(Records from a data source)
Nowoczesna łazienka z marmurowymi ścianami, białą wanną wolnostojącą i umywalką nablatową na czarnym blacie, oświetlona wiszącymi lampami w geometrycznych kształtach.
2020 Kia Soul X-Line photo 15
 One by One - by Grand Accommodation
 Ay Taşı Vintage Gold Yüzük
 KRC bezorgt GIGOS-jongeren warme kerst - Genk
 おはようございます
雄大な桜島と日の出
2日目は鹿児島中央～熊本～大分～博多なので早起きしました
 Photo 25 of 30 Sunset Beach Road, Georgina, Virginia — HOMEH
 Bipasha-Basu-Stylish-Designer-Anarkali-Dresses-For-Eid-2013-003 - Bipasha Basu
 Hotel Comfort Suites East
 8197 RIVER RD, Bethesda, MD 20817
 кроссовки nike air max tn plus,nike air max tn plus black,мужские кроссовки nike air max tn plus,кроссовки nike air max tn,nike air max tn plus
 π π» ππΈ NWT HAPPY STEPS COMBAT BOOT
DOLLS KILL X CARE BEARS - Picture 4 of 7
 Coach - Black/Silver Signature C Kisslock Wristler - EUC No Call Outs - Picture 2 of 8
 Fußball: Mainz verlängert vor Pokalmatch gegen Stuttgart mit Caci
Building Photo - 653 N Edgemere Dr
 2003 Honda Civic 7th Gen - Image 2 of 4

● Exercise aim
Among the lines above, return those that contain the string "Picture".

● Task answer
DOLLS KILL X CARE BEARS - Picture 4 of 7
 Coach - Black/Silver Signature C Kisslock Wristler - EUC No Call Outs - Picture 2 of 8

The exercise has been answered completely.